EXERCISE DETAILS - Word for word, set down every line of the entries below from the line with "How to create" to the line with "In this tutorial", including both, and no other line.

EXERCISE INPUTS -
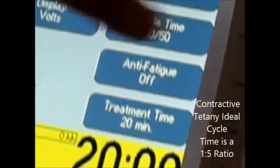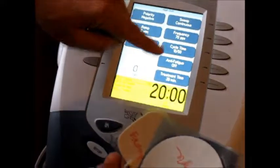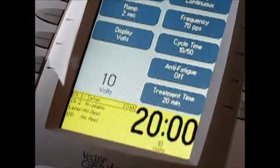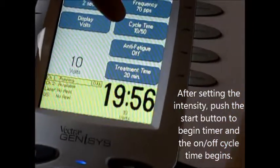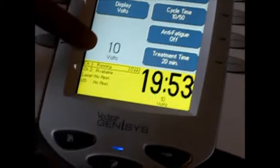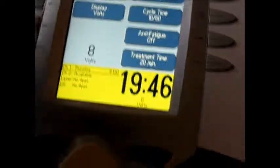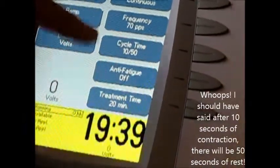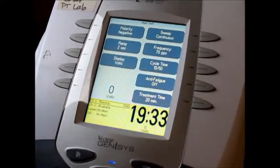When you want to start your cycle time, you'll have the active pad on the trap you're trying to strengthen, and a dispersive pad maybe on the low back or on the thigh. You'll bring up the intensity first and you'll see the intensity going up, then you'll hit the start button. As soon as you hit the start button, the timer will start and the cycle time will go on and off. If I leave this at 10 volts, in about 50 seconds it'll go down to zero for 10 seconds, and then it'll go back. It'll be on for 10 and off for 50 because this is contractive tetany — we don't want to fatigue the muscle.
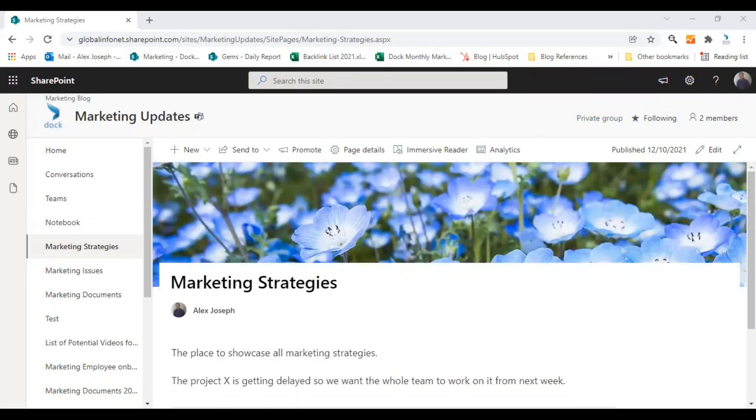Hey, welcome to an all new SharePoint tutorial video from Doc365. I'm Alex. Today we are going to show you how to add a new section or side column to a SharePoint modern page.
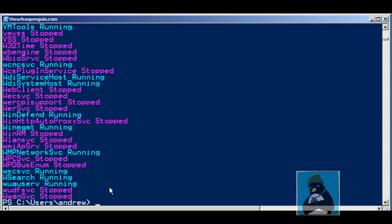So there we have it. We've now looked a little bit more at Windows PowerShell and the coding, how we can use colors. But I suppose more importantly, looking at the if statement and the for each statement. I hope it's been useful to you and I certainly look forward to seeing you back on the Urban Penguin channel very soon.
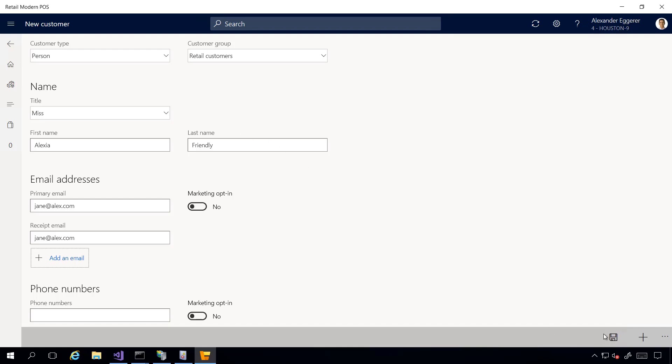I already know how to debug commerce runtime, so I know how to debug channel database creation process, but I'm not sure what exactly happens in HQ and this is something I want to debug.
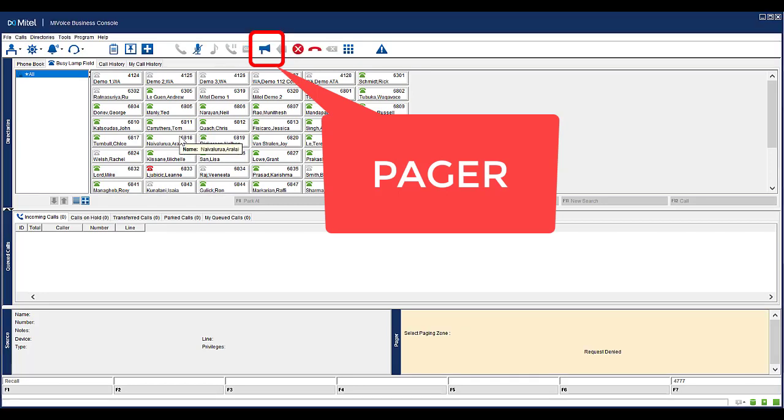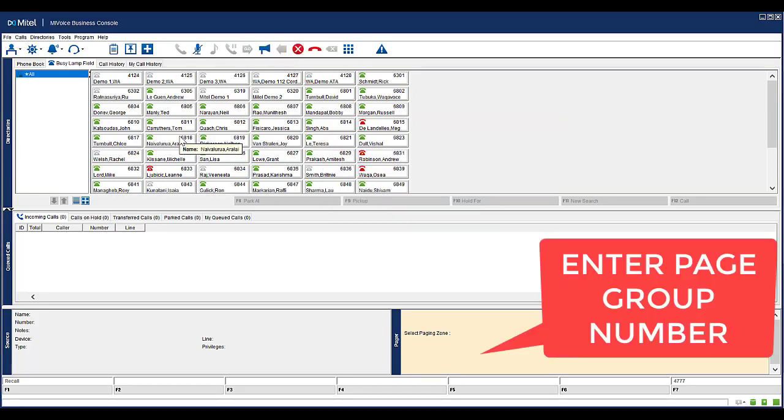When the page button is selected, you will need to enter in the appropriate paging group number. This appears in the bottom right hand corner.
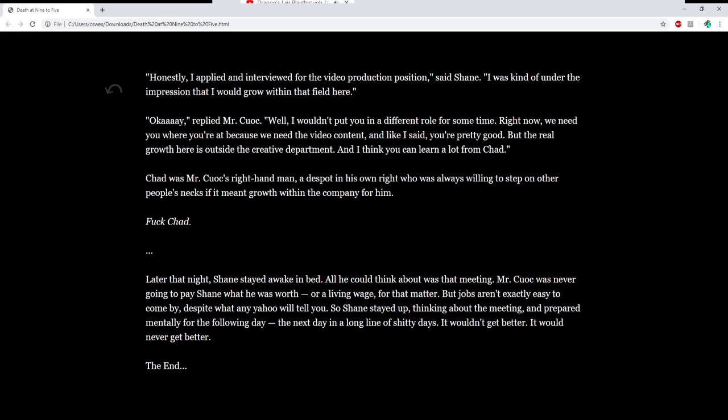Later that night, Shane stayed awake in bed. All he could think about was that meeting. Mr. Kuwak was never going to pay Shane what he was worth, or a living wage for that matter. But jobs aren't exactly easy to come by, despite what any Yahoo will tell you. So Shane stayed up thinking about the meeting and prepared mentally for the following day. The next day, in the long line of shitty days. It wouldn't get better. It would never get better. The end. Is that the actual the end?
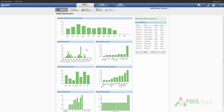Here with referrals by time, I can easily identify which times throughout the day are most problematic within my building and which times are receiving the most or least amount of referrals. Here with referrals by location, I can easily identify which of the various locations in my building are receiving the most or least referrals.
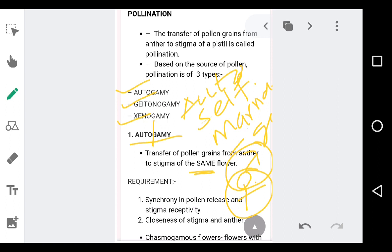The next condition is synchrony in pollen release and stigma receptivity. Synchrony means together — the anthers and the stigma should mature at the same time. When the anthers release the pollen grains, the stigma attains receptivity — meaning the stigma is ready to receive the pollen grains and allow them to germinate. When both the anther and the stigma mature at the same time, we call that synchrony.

---

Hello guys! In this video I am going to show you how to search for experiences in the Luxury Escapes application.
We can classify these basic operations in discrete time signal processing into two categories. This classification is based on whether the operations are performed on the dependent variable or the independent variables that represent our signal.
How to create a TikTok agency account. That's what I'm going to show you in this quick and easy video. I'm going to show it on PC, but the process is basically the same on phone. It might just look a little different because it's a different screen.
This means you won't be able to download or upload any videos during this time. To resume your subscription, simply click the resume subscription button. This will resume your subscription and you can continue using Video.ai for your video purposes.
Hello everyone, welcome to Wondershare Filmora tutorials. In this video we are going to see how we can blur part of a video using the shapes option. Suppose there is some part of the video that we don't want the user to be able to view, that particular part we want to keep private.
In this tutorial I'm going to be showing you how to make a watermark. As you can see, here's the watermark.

==

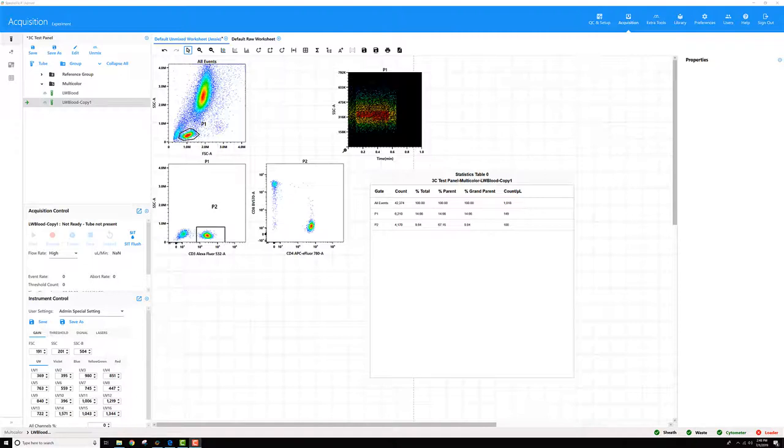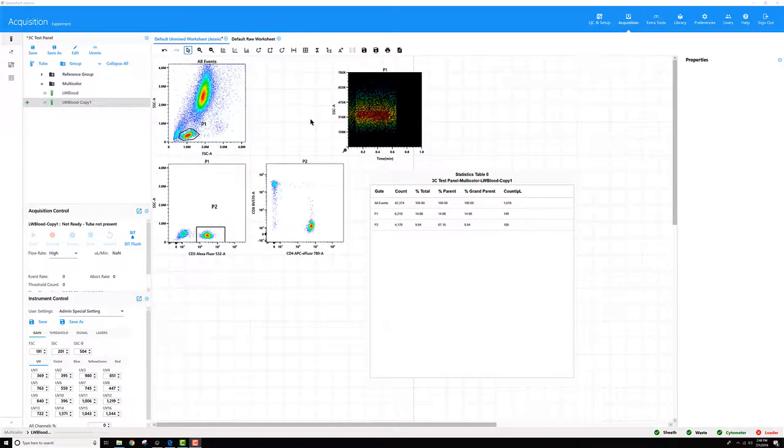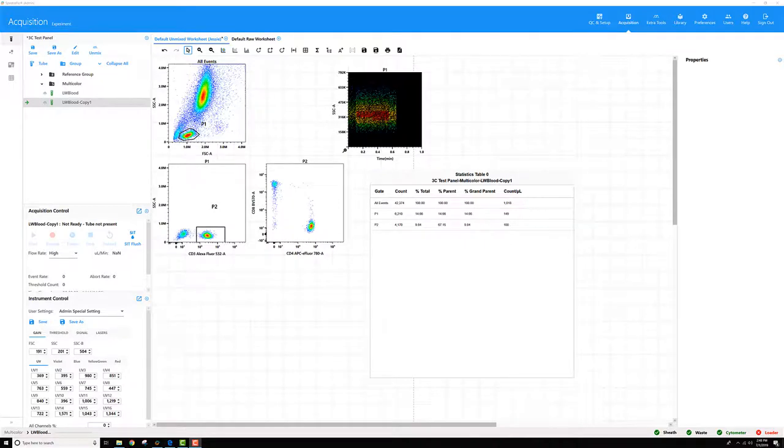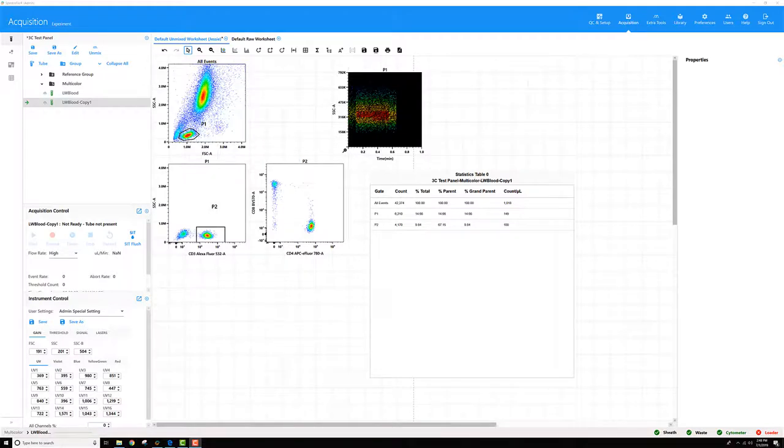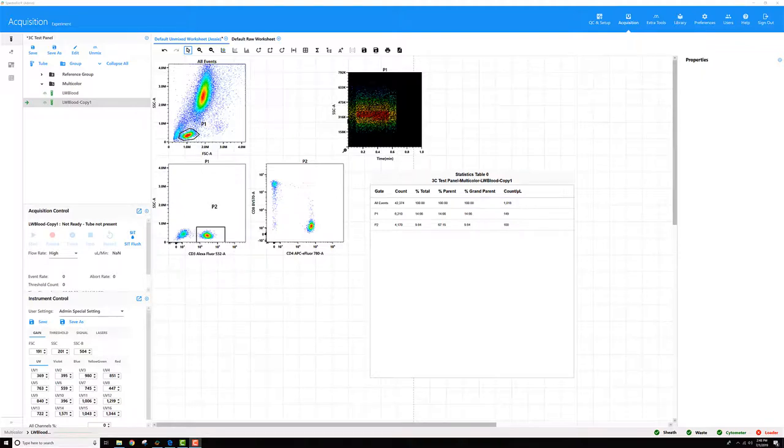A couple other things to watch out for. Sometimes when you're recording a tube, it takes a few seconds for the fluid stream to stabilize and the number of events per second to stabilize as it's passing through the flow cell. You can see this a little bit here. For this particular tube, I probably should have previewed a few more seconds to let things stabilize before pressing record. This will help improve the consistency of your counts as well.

REPLY TO THE TASK -
How to create a TikTok agency account. That's what I'm going to show you in this quick and easy video. I'm going to show it on PC, but the process is basically the same on phone. It might just look a little different because it's a different screen.
This means you won't be able to download or upload any videos during this time. To resume your subscription, simply click the resume subscription button. This will resume your subscription and you can continue using Video.ai for your video purposes.
Hello everyone, welcome to Wondershare Filmora tutorials. In this video we are going to see how we can blur part of a video using the shapes option. Suppose there is some part of the video that we don't want the user to be able to view, that particular part we want to keep private.
In this tutorial I'm going to be showing you how to make a watermark. As you can see, here's the watermark.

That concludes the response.